Why do we perform standardization or normalization?

Because many algorithms run faster when handling standardized or normalized data. For example:

  • Linear Regression
  • KNN (K-Nearest Neighbors)
  • Neural Networks (NN)
  • Support Vector Machines (SVM)
  • PCA (Principal Component Analysis)
  • LDA (Linear Discriminant Analysis)

Generating Test Data

Data is generated using functions under np.random. Here, beta distribution, exponential distribution, normal distribution, and a normal distribution with different mean and scale are generated.

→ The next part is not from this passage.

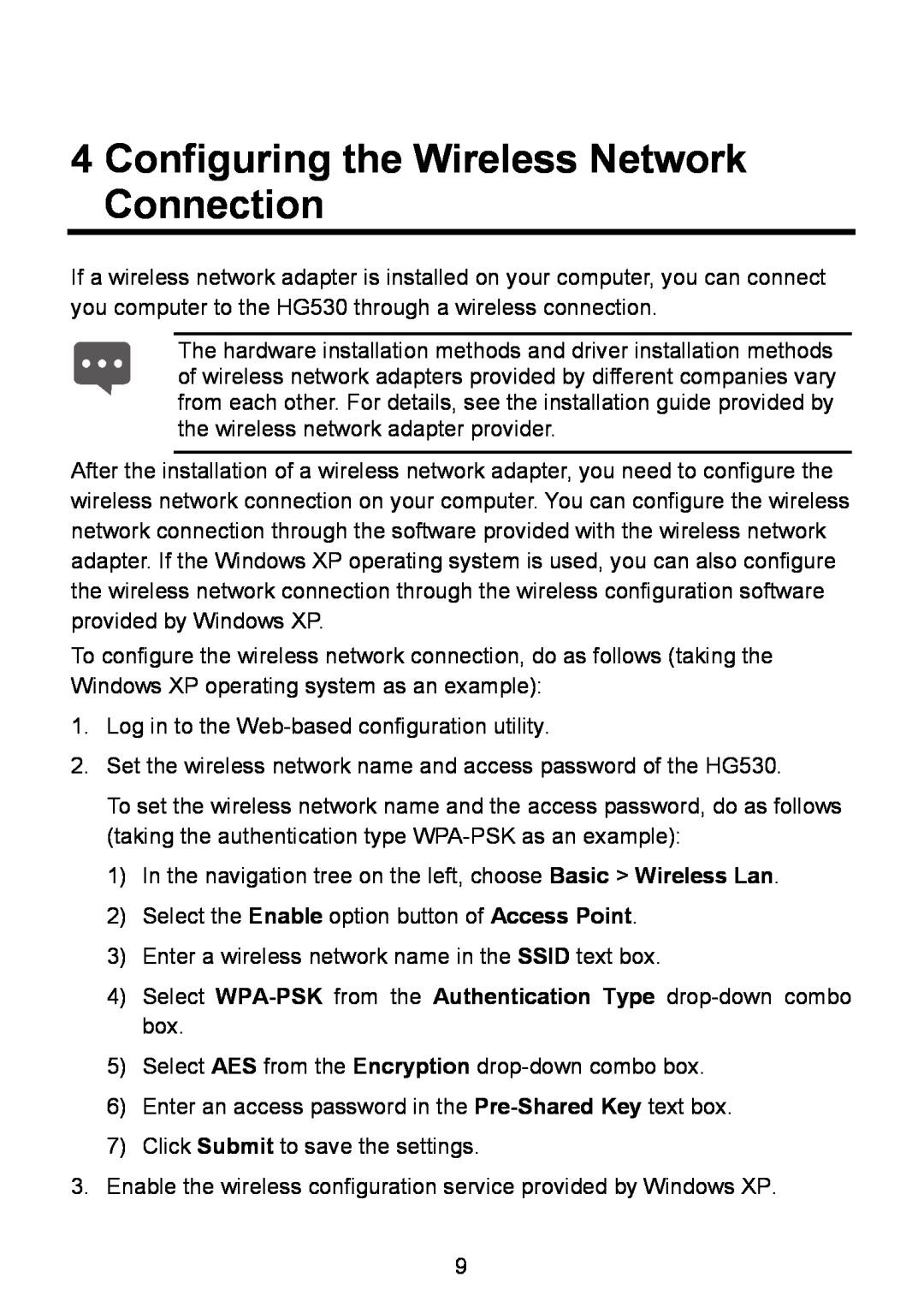 Huawei HG530 manual Configuring the Wireless Network Connection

The code is as follows:

import numpy as np
import pandas as pd
import matplotlib.pyplot as plt
import seaborn as sns
# Set seed to ensure reproducibility
np.random.seed(1024)
data_beta = np.random.beta(1,2,1000)
data_exp = np.random.exponential(scale=2,size=1000)
data_nor = np.random.normal(loc=1,scale=2,size=1000)
data_bignor = np.random.normal(loc=2,scale=5,size=1000)
# Create dataframe
df = pd.DataFrame({"beta":data_beta,"exp":data_exp,"bignor":data_bignor,"nor":data_nor})
df.head()
# 	beta	exp	bignor	nor
# 0	0.383949	1.115062	5.681630	3.384865
# 1	0.328885	0.831677	7.175799	3.036709
# 2	0.048446	8.407472	4.119069	-2.049115
# 3	0.108803	8.125079	10.164492	1.026024
# 4	0.376316	2.721583	6.848210	3.390942

View the distribution curves of this dataset:

sns.displot(df.melt(), x="value", hue="variable", kind="kde")
plt.savefig("origin.png", dpi=200)

origin

Comparing Data Changes After Different Processing

We apply MinMaxScaler, RobustScaler, and StandardScaler respectively and compare the results.

MinMaxScaler

from sklearn.preprocessing import MinMaxScaler
df_minmax = pd.DataFrame(MinMaxScaler().fit(df).transform(df), columns=df.columns)
sns.displot(df_minmax.melt(), x="value", hue="variable", kind="kde")
plt.savefig("minmaxscaler.png", dpi=200)
plt.close()

Data after MinMaxScaler transformation looks like this:

	beta	exp	bignor	nor
0	0.402556	0.077887	0.623988	0.662302
1	0.344735	0.058066	0.671804	0.635879
2	0.050261	0.587947	0.573984	0.249901
3	0.113638	0.568196	0.767447	0.483282
4	0.394540	0.190253	0.661321	0.662763

Distribution is:

minmaxscaler

RobustScaler

from sklearn.preprocessing import RobustScaler
df_rsca = pd.DataFrame(RobustScaler().fit(df).transform(df), columns=df.columns)
sns.displot(df_rsca.melt(), x="value", hue="variable", kind="kde")
plt.savefig("robustscaler.png", dpi=200)
plt.close()

Data after RobustScaler transformation looks like this:

	beta	exp	bignor	nor
0	0.284395	-0.141315	0.551292	0.923234
1	0.126973	-0.278467	0.779068	0.790394
2	-0.674763	3.388036	0.313090	-1.150118
3	-0.502211	3.251365	1.234674	0.023211
4	0.262573	0.636202	0.729129	0.925553

Distribution is:

robustscaler

StandardScaler

from sklearn.preprocessing import StandardScaler
df_std = pd.DataFrame(StandardScaler().fit(df).transform(df), columns=df.columns)
sns.displot(df_std.melt(), x="value", hue="variable", kind="kde")
plt.savefig("standardscaler.png", dpi=200)
plt.close()

Data after StandardScaler transformation looks like this:

	beta	exp	bignor	nor
0	0.252859	-0.460413	0.711804	1.207845
1	0.012554	-0.600899	1.008364	1.030065
2	-1.211305	3.154733	0.401670	-1.566938
3	-0.947902	3.014740	1.601554	0.003337
4	0.219547	0.336005	0.943345	1.210949

Distribution is:

standardscaler

Summary

This article summarized various methods of standardization and normalization, the benefits of using these methods, and their effects on data distribution. Generally speaking, using standardization is the more common practice.